Kinderopvang 2025: Wijzigingen in toeslagen, uurtariezen en financiering
juli 15, 2025
De BBL-opleiding (Beroepsbegeleidende leerweg) biedt een unieke kans om in de kinderopvang te werken en te leren tegelijk. Voor jongeren die graag met kinderen werken, is dit een praktische en betaalbare manier om pedagogisch medewerker te worden. In dit artikel wordt ingegaan op de salarissen die BBL’ers in de kinderopvang verdienen, de salarisschalen waarop deze gebaseerd zijn, en de groeimogelijkheden binnen deze opleiding. Daarnaast worden de voorwaarden voor werkgevers en leerbedrijven belicht, inclusief de rol van de CAO Kinderopvang.
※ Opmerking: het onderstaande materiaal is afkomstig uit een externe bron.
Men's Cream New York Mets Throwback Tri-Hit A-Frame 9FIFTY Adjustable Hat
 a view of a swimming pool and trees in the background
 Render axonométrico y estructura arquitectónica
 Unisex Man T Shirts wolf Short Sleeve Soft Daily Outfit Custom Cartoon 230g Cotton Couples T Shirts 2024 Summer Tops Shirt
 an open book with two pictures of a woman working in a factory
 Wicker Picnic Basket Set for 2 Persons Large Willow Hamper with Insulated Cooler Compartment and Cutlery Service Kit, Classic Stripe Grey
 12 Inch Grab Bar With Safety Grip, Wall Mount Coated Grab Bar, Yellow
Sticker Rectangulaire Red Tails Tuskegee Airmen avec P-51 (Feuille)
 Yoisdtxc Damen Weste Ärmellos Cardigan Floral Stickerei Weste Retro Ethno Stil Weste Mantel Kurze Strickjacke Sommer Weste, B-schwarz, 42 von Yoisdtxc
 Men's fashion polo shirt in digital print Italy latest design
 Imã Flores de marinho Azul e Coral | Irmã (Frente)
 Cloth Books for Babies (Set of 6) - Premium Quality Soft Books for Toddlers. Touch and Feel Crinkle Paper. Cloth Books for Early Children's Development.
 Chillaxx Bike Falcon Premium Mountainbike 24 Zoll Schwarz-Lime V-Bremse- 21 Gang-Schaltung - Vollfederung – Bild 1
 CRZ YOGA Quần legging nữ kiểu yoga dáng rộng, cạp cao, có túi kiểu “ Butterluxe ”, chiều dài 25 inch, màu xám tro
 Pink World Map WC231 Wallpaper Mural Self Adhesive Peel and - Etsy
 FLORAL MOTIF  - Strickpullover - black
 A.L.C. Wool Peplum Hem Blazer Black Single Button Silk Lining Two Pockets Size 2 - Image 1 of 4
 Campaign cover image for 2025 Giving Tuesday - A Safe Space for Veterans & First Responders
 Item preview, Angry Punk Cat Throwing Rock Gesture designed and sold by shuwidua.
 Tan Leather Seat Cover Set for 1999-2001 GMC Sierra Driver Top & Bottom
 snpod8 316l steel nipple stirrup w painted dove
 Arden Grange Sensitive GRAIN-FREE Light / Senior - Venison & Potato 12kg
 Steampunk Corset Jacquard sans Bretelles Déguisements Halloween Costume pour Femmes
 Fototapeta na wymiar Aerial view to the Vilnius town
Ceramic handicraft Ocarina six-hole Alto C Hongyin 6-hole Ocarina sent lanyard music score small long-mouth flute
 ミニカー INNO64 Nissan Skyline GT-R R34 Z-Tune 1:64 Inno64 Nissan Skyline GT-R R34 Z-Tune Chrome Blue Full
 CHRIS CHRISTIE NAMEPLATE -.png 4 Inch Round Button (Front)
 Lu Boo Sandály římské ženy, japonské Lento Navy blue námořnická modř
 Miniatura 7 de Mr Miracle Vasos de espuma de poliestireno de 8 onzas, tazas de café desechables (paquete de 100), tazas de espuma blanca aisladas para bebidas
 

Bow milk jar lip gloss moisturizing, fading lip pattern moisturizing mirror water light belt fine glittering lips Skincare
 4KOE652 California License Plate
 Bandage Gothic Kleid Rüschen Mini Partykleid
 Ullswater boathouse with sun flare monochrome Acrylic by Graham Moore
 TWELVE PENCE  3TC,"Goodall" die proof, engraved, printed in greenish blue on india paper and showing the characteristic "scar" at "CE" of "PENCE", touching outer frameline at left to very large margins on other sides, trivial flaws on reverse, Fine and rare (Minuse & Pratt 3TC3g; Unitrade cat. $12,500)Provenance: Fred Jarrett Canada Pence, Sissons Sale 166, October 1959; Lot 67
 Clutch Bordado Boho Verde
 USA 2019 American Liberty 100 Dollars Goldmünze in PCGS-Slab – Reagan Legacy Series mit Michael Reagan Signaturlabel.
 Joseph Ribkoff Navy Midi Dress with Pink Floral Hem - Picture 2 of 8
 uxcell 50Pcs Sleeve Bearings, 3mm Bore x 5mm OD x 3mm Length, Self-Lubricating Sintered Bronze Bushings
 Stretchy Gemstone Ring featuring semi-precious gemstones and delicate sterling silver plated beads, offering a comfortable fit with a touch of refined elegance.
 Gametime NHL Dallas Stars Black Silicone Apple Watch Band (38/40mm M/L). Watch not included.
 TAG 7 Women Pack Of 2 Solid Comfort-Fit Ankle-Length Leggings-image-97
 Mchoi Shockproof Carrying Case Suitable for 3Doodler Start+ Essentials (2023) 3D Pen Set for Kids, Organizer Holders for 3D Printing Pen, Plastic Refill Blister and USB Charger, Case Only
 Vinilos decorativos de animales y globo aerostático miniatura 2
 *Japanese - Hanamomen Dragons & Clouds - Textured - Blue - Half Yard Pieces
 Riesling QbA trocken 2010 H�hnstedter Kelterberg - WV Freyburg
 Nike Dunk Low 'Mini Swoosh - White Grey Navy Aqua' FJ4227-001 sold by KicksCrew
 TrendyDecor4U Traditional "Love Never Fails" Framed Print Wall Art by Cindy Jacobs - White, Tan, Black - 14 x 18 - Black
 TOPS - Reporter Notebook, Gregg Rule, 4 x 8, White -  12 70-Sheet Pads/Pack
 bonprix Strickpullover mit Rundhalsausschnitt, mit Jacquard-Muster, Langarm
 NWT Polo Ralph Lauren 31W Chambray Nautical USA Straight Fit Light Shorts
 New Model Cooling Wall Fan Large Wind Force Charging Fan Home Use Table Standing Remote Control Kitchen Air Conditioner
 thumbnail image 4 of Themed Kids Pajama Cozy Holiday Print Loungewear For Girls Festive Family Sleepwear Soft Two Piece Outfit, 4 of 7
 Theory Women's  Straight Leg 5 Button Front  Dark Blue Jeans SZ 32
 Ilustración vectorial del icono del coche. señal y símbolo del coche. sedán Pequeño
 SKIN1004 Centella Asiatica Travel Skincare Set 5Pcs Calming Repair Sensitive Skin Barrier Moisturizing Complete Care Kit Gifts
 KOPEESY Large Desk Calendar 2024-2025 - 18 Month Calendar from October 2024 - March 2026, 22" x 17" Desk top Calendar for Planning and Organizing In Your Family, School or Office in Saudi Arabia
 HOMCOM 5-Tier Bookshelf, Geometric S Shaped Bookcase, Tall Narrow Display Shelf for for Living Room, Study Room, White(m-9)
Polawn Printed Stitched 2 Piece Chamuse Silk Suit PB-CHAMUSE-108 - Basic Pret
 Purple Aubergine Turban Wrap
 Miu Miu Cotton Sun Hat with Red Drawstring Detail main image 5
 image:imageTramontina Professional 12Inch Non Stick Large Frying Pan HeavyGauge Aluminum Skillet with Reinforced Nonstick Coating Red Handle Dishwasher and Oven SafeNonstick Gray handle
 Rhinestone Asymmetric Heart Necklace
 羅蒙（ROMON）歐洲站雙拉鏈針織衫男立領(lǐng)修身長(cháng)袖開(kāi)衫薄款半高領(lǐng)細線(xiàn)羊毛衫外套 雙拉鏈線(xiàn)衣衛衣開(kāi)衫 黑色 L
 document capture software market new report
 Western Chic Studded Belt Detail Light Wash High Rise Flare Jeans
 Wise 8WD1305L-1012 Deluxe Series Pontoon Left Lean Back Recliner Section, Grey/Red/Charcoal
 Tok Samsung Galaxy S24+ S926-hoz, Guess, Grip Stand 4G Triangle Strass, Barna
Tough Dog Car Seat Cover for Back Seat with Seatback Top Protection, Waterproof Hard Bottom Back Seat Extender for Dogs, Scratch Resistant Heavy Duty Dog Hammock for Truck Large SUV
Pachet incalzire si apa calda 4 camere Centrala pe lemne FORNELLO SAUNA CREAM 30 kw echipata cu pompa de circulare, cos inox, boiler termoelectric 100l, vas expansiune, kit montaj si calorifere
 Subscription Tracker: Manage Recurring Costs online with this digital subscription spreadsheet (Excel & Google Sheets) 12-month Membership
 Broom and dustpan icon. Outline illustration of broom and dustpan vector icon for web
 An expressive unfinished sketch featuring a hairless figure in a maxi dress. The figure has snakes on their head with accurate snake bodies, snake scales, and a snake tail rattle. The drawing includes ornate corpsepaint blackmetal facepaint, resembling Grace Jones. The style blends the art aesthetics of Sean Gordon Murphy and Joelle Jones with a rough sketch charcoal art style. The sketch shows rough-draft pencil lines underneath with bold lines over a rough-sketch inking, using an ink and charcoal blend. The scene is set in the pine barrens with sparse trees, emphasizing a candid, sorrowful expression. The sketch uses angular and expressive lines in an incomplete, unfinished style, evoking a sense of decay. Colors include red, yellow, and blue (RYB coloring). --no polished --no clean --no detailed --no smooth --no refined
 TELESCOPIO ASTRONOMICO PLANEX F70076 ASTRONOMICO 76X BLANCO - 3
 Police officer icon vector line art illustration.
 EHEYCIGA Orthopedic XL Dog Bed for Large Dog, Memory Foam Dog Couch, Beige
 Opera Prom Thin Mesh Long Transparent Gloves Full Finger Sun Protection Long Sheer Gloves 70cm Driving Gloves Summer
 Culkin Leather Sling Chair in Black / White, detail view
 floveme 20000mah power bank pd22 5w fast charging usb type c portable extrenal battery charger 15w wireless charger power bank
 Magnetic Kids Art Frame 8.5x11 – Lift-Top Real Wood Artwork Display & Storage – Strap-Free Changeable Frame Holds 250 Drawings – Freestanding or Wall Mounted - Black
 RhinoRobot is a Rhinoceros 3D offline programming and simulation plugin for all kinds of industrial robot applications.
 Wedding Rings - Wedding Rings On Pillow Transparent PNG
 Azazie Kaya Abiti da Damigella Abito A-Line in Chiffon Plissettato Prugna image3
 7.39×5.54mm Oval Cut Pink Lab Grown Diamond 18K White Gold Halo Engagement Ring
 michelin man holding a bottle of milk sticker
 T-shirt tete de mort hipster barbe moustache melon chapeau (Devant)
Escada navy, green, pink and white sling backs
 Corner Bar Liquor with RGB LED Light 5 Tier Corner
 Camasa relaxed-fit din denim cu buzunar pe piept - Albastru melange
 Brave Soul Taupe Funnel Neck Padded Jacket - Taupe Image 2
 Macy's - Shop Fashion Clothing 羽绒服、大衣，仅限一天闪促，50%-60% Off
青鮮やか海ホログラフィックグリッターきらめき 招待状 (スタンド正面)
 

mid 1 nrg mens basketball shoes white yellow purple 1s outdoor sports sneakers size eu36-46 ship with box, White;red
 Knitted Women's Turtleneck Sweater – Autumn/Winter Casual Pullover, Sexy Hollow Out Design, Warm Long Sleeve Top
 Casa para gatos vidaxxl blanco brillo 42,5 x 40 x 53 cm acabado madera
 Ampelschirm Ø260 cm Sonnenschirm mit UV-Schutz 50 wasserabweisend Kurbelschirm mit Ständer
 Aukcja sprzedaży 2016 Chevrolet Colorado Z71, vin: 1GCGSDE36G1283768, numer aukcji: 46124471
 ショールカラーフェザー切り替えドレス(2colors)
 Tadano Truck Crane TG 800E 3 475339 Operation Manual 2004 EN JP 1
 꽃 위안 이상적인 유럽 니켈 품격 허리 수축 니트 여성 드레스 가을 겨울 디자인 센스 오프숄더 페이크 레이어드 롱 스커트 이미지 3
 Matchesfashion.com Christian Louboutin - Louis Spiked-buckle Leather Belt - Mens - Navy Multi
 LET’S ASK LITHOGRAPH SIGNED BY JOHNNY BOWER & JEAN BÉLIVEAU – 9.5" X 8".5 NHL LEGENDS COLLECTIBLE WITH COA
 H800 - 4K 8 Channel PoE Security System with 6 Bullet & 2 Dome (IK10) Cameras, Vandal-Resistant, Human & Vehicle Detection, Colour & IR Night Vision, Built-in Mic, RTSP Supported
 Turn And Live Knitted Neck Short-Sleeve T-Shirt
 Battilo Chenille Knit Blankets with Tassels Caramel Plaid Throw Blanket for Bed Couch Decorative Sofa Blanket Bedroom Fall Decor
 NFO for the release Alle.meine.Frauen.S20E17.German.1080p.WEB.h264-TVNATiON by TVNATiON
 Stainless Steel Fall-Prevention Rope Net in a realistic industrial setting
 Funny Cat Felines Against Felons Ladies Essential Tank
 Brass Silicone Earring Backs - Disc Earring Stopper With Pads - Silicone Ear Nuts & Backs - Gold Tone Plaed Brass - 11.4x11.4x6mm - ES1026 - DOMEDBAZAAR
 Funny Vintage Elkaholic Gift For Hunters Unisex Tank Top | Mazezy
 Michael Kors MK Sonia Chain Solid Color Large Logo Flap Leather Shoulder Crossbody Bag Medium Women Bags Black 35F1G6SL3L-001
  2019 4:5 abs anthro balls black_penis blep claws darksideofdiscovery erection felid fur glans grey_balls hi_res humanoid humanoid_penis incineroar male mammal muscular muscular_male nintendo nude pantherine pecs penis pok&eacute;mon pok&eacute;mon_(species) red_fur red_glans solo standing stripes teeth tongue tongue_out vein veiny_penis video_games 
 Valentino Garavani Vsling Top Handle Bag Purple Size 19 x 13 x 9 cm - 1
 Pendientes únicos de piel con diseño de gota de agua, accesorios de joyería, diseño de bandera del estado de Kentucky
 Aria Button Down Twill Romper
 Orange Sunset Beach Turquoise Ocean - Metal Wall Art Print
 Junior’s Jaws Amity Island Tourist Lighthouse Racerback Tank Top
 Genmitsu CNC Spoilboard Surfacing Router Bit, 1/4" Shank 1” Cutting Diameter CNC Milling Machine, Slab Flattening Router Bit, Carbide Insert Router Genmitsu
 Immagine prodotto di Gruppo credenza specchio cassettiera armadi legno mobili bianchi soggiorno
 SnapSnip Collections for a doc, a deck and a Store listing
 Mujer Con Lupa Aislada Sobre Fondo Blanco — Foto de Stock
De BBL-opleiding tot pedagogisch medewerker is een praktijkgerichte opleiding op mbo-niveau 3 of 4. Deze opleiding is bedoeld voor jongeren die willen werken in de kinderopvang, zoals buitenschoolse opvang (BSO), kinderdagverblijven (KDV) of peuteropvang. Tijdens de opleiding combineren studenten theorie met praktijk: ze werken minimaal 16 uur per week in een kinderopvangorganisatie en volgen theoretische lessen één of twee dagen per week.
Een van de voordelen van de BBL-opleiding is dat studenten direct een salaris ontvangen, in tegenstelling tot bijvoorbeeld een BOL-opleiding (Beroepsgerichte opleiding) waarin de stageperiodes vaak niet betaald zijn. Dit maakt de BBL-opleiding extra aantrekkelijk voor wie tijdens het leren ook een inkomen nodig heeft.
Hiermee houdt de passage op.